Gecikmenin bir kısmı yalnızca DNS’nin yayılması için zamana ihtiyaç duyması değil, aynı zamanda McDonald’s’ın değişikliği farklı DNS çözümleyicileri aracılığıyla göndermesi gerekmesiydi. “Bu muhtemelen güvenliklerini artırmayı amaçlayan bir DNSSEC (Etki Alanı Adı Sistemi Güvenlik Uzantıları) değişikliğiydi.”
Wilkes ayrıca TTL (yaşama süresi) ayarının da rol oynadığından şüpheleniyordu. “Muhtemelen hiç kimsenin TTL’yi beş dakikalık bir toparlanma süresine sahip olacak şekilde düşürmeye zamanı yoktu” dedi ve bu da uzun gecikmeleri daha da açıklayabilir.
Terry Dunlap, kurucu ortağı ve yönetici ortağı Gri Şapka Akademisi, ayrıca McDonald’s’taki kesintinin, potansiyel olarak yakın bir saldırıyı hızlı bir şekilde engelleme girişimi gibi göründüğüne inanıyordu. “’Bana can yeleği verin’ diyorlardı. Gelen dalgada boğulmak istemiyorum.”
Daha stratejik olarak Dunlap, McDonald’s’ın yaptığı açıklamaların hayranı değildi.
“Proaktif olmak ve önceden mümkün olduğunca ayrıntılı olmak çok daha iyi” dedi. “Açıklamaların ihtiyaç duyulan sıcaklık ve tüylenme düzeyini yansıttığını düşünmüyorum. Daha fazla ayrıntıya girmenizi tavsiye ederim. Buna nasıl yanıt verdiniz? Neden oldu?

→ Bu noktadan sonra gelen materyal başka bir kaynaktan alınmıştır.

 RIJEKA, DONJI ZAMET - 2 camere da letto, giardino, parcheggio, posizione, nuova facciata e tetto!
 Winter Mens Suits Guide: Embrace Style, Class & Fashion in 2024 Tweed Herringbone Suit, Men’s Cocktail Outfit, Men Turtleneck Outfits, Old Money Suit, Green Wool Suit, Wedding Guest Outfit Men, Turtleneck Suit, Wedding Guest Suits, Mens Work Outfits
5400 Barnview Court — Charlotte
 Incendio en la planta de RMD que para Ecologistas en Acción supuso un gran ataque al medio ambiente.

Bana söylemediğiniz ne gibi etkiler oluştu? (McDonald’s’ın açıklamaları) cevaplardan çok soru yaratıyor.”
Bu da üçüncü taraflardan, özellikle de üçüncü taraflardan gelen kurumsal riski uygun şekilde bir kez daha artırıyor. belki McDonald’s’ta olduğu gibi, kendi başlarına hareket ederek kurumsal BT ekibine sorun yaşatıyorlar.
Ernst & Young (EY) genel müdürü Brian Levine, “Şu anda her şirket üçüncü taraf risk yönetimi açısından inceleniyor” dedi. “Üçüncü taraf risk yönetimi bugün mahkemeler, düzenleyiciler ve şirketler tarafından giderek daha fazla mercek altına alınıyor.”

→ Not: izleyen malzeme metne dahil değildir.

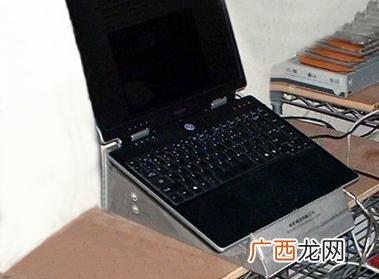 笔记本长期斜放的危害解答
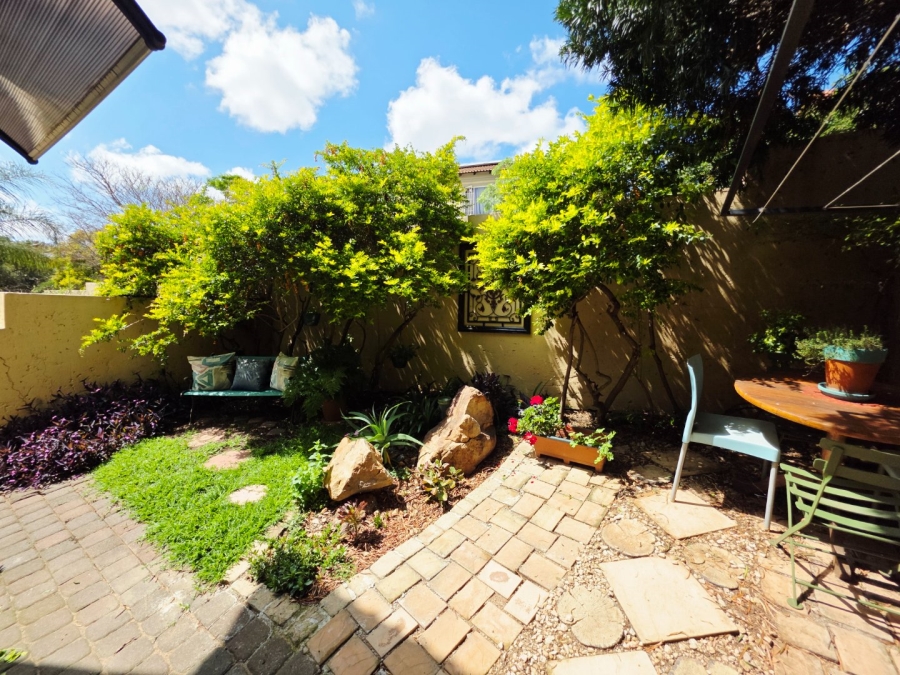 2 Bedroom Property for Sale in La Montagne Gauteng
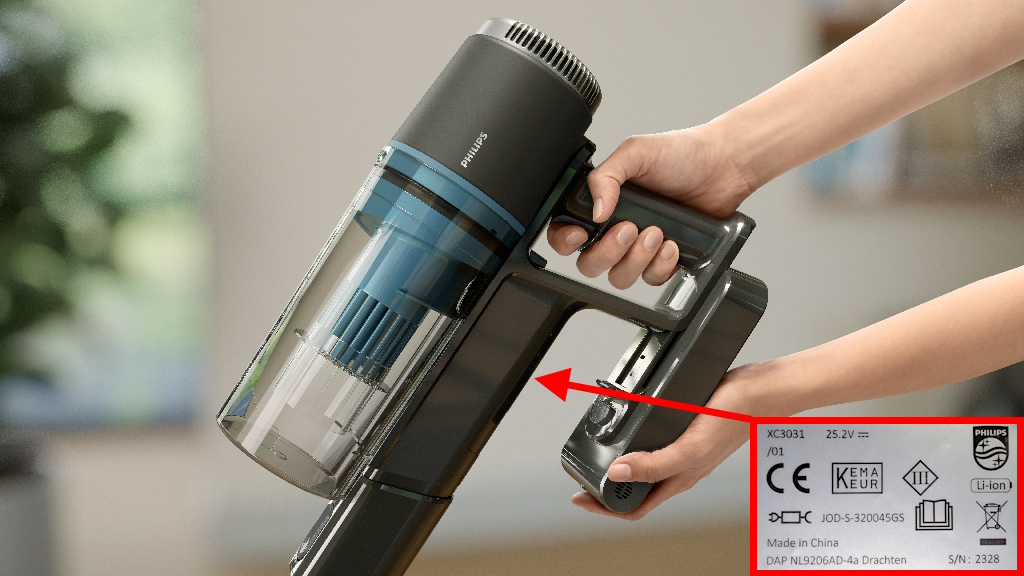 Teil des Staubsaugers mit schwarzem Produktetikett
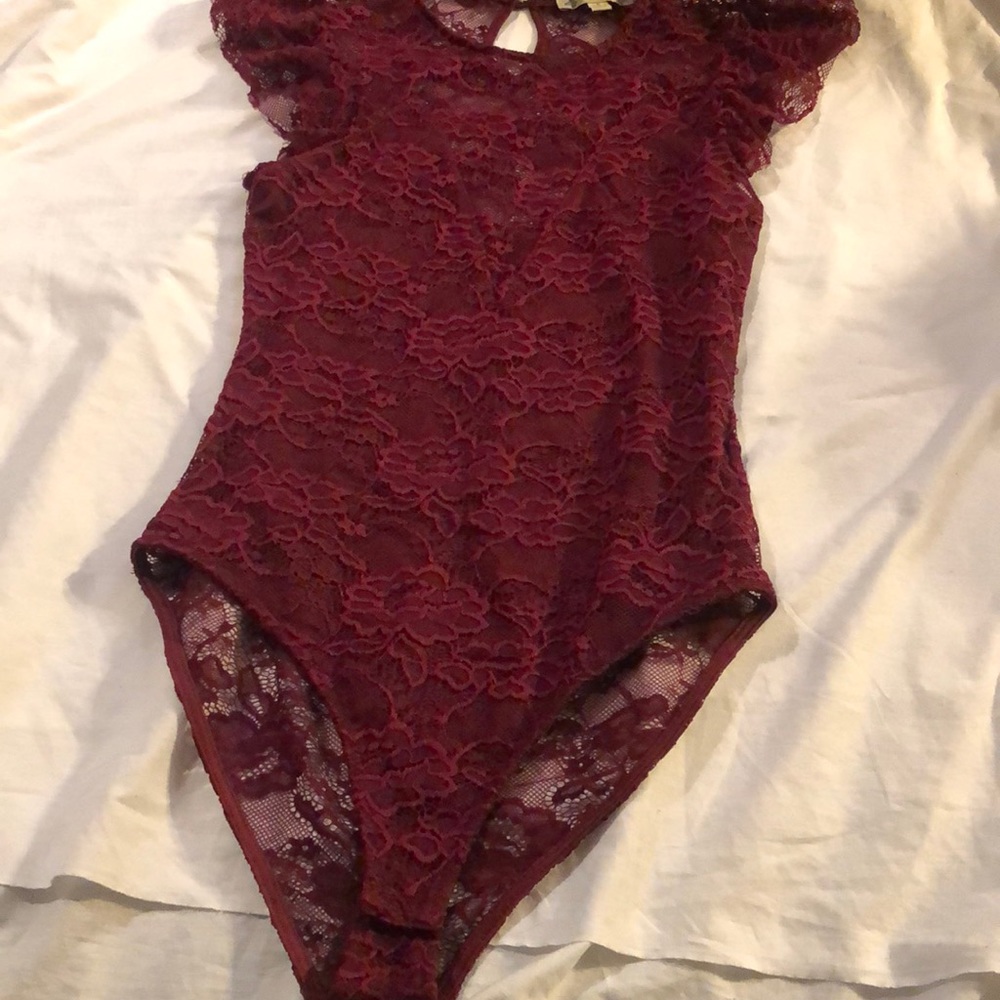 One piece - Picture 2 of 3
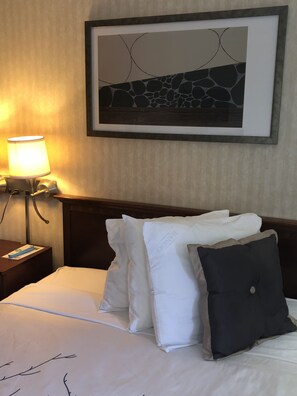 Standard Room, 2 Double Beds | 1 bedroom, blackout curtains, free WiFi, bed sheets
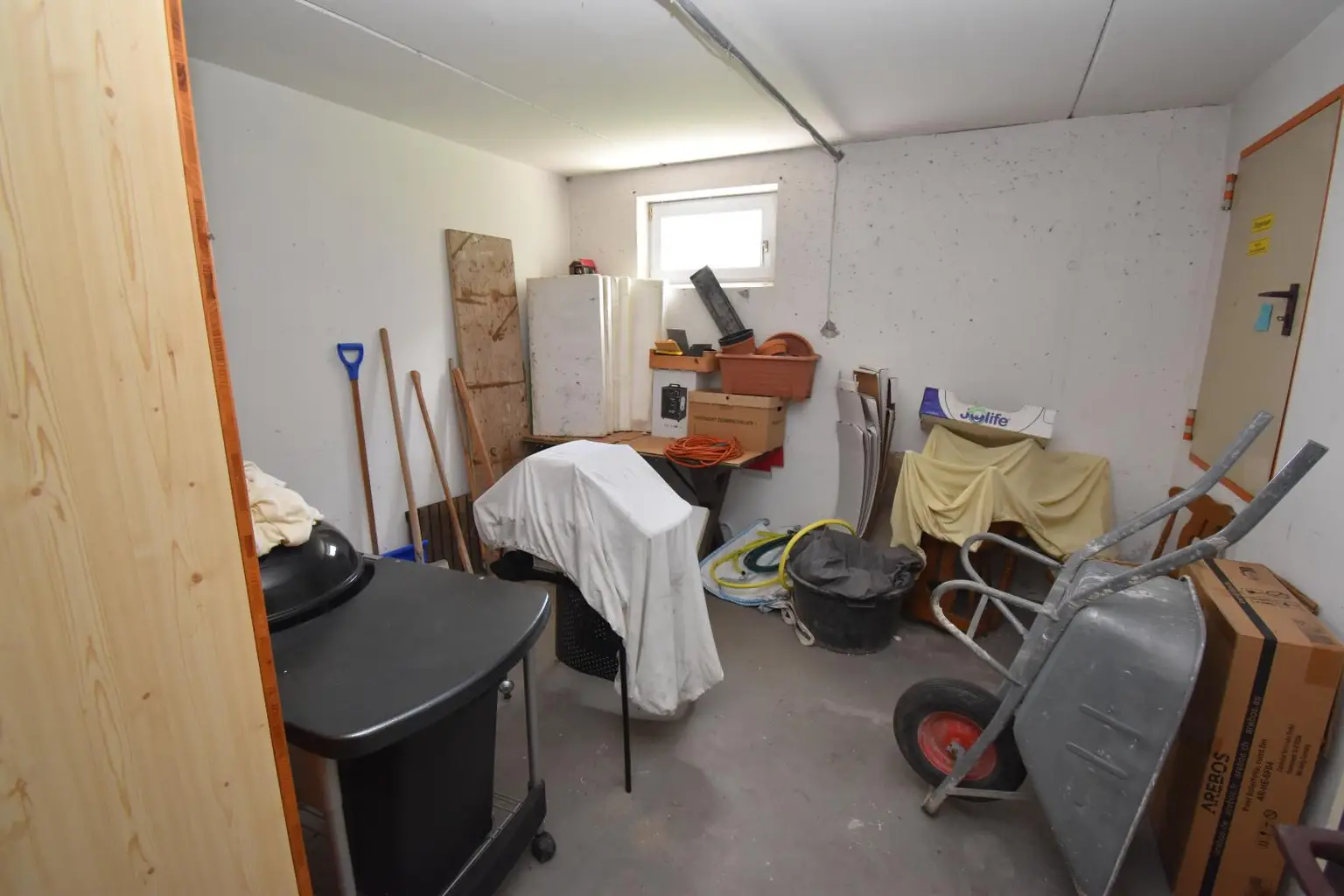 Zweifamilienhaus in ländlicher Alleinlage mit landw. Grundfläche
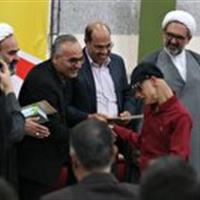 از هنرمند توان‌خواه مهریزی برگزیده جشنواره تئاتر مریوان تجلیل شد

McDonald’s başlangıçta olayla ilgili bir SEC raporu sunmadı. Wall Street’in McDonald’s’taki kesintiye ciddi bir tepki vermediği göz önüne alındığında, McDonald’s’ın kesintiyi dikkate alması pek olası değil. Üçüncü taraf POS sağlayıcısının ise kimliği henüz doğrulanmadığı için rapor verip vermediği belli değil.
Tüm kurumsal BT’ler için buradaki önemli derslerden biri, kesinti bildirimlerini dikkatle düşünmektir. Dahası, “Bir şey oldu. Araştırıyoruz ve gerçekler öğrenilip doğrulandığında daha fazlasını rapor edeceğiz” sözleri ipuçları bırakacak.

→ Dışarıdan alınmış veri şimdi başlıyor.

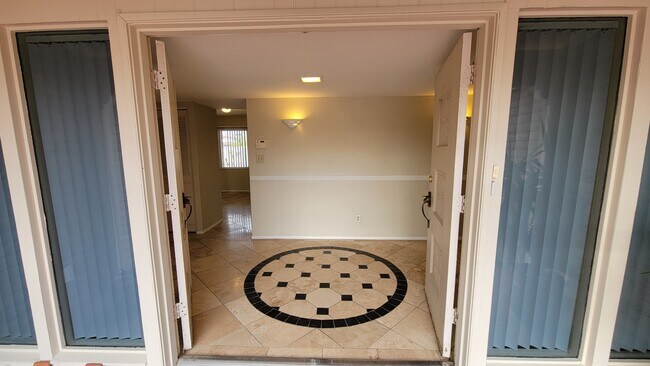 1328 E Hermosa Dr Tempe, AZ 85282 photo 2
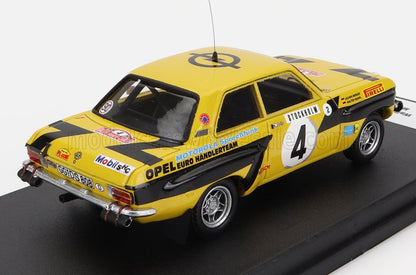 Modèle réduit de voiture de course vintage Opel jaune avec le numéro 4 et les autocollants des sponsors, disponible sur Vroomi.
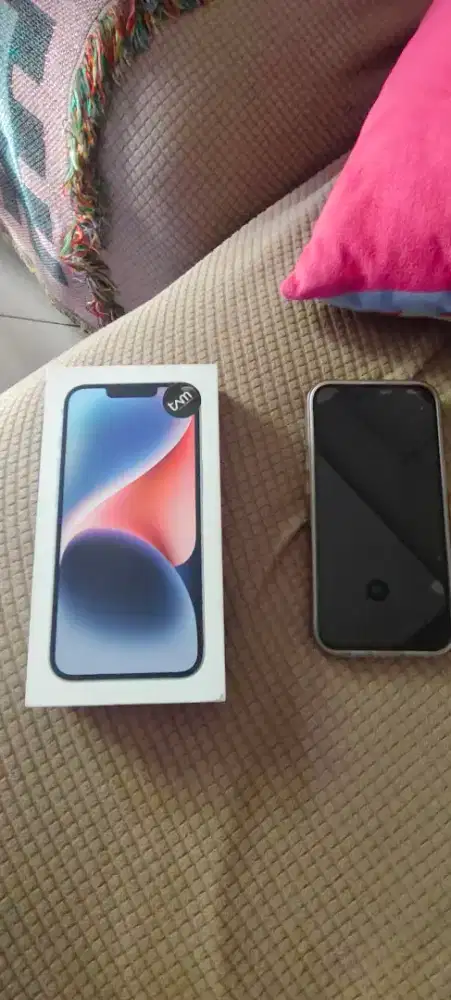 Iphone basic 14 128 ibox garansi on kyk baru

Belirsiz imalar dostunuz değildir. Bir şey söylemeye hazırsanız söyleyin. Değilseniz hiçbir şey söylemeyin. McDonald’s’ın yaptığı gibi ortayı bölmek muhtemelen uzun vadeli çıkarlarınıza hizmet etmeyecektir (McDonald’s yemeği yemekten farklı değil). Ama en azından çeyrek pounder’ın tadı güzel ve doyurucu.
McDonald’s’ın kesinti açıklaması da ikisi de değildi.